Every line from the one with "Guitarra eléctrica personalizada" through the last line below should be repeated exactly; pictures stay out of the copy.

━━━━━ Information provided

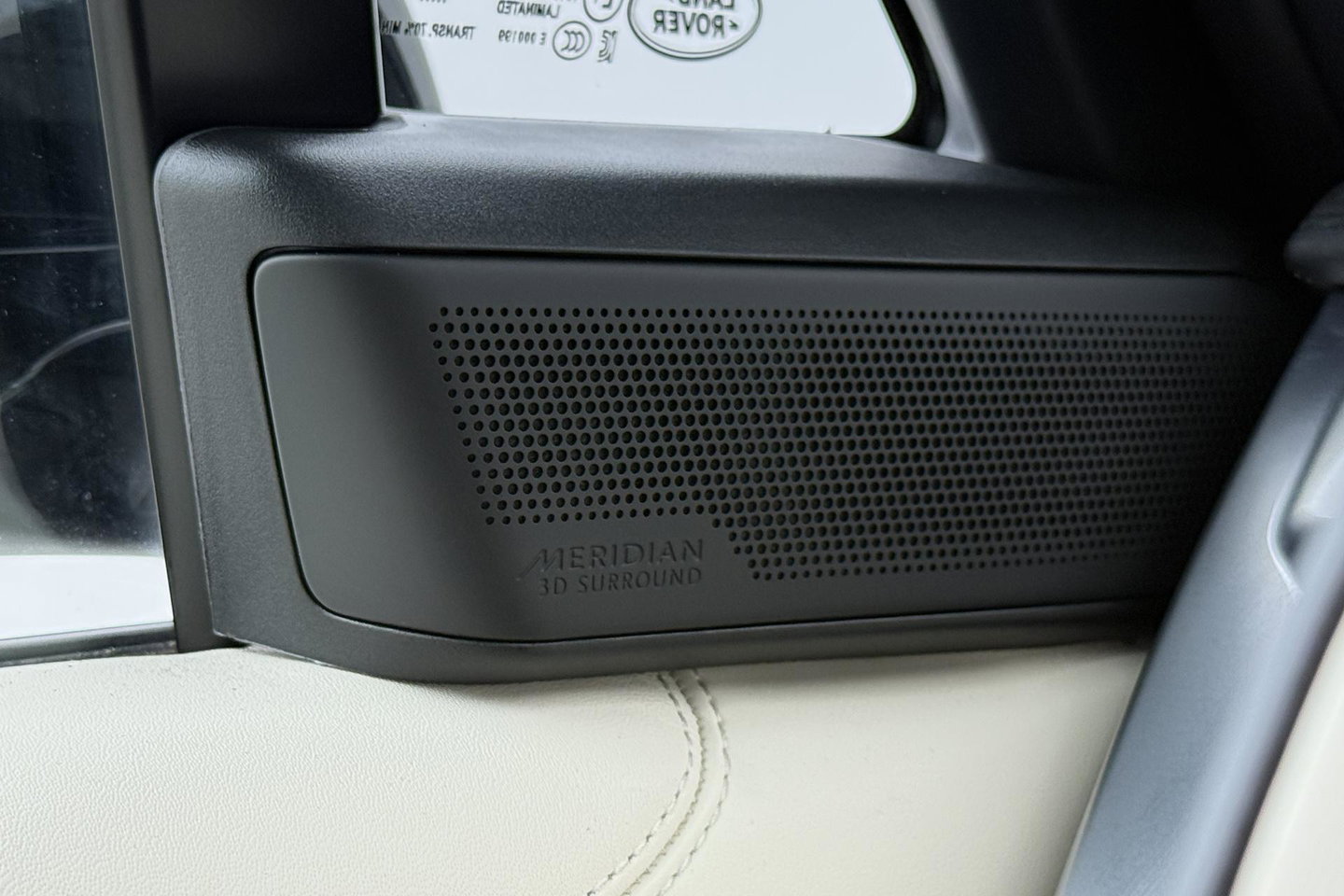 Land Rover Range Rover 3.0 P460e SE PHEV | ACC | Luchtvering | Panoramadak | 360° Camera | Head-Up | Meridian 3D | Stoelventilatie | 23 Inch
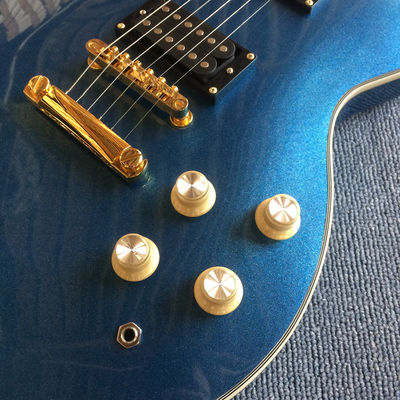 Guitarra eléctrica personalizada en azul metálico con hardware dorado proveedor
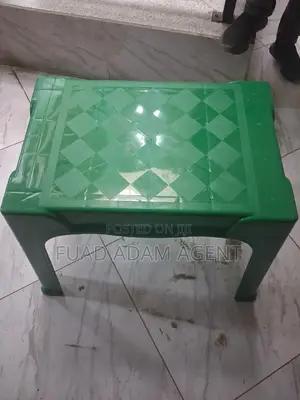 Rectangular Plastic አራት ማዕዘን የፕላስቲክ ጠረጴዛ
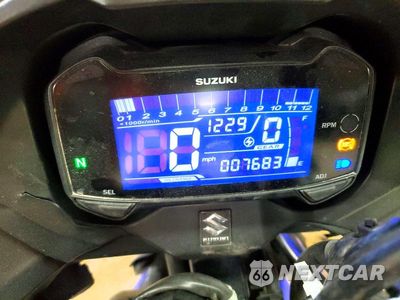 Zdjęcie 7 z 9 samochodu: 2019 SUZUKI GSX250R M VIN:LC6DN11A7K1100511 - miniatura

━━━━━━━━━━

§ Answer section:
 Guitarra eléctrica personalizada en azul metálico con hardware dorado proveedor
 Rectangular Plastic አራት ማዕዘን የፕላስቲክ ጠረጴዛ
 Zdjęcie 7 z 9 samochodu: 2019 SUZUKI GSX250R M VIN:LC6DN11A7K1100511 - miniatura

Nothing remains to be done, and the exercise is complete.